Avec ces 85 peintures, pratiquement inconnues du public car elles relevaient de la propriété privée, le Portugal a de quoi organiser une extraordinaire musée, qui nous donnera une raison de plus d’aller viser ce merveilleux pays.
Oui, mais voilà, la rencontre de l’art et des publics du monde, ce n’est pas le truc du misérable gouvernement de Droite qui applique les bons remèdes du Docteur Barroso : le destin d’un peuple est de s’ajuster sur un taux bancaire. Alors, on vent tout ce qui rapporte du cash : et les pingouins de l’épicerie Christie's faisaient déjà miroiter une rentrée de d’argent de 30 millions d'euros. Une goutte d'eau au regard du budget du Portugal, Non, mais je rêve : bazarder un tel trésor, et le retirer du public pour une grande nuit privée. Des sauvages. Ecoutons Jorge Barreto Xavier, qui fait office de secrétaire d'Etat à la culture : « Ce n'est pas la priorité du Portugal de garder une collection de cette dimension d'un grand peintre espagnol du XXe siècle ». Authentique !
Première à réagir, l'Association portugaise de muséologie : « Une collection des tableaux de Miro est un ensemble artistique générateur de richesse partout dans le monde et a fortiori dans un pays touristique comme le Portugal ». Les députés socialistes ont pris de relais, et saisi le tribunal administratif de Lisbonne en urgence, alors que les tableaux étaient déjà à Londres, dans le garage de Christie's, pour être vendus début février. Le tribunal administratif a estimé qu’il ne pouvait bloquer la vente en urgence, mais il a expliqué qu’il y avait de sérieux débats sur la validité de l’autorisation de sortie des biens. Un argument pris très au sérieux par Christie's, qui doit la sécurité juridique à ses clients sauf à les indemniser : « Les incertitudes judiciaires créées par le différend entre l'Etat et des députés d'opposition au Portugal au sujet de cette vente signifient que nous ne pouvons pas proposer ces œuvres à la vente. Nous avons la responsabilité à l'égard de nos clients de leur transmettre, sans problème aucun, les droits de propriété ». Et hop, les 85 tableaux sont revenus au Portugal. Provisoirement, car les vautours ne lâchent pas comme ça leur proie.
Le gouvernement a donc repris la procédure de sortie des œuvres, à destination de l’épicerie Christie’s, qui avait prévu la vente pour juin.
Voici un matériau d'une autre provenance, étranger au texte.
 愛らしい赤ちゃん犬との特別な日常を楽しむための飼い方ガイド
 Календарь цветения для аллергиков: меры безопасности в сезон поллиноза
Le premier ministre, Pedro Passos Coelho, a doctement expliqué que les frais d'entretien étaient trop importants... Mais cette fois-ci c’est le Parquet général de la République qui a saisi le Tribunal administratif de Lisbonne dans le cadre d'une procédure en référé « en défense du patrimoine culturel ». Et le Parquet a bloqué la vente.
Ah, un parquet indépendant,… ça vous transforme une justice.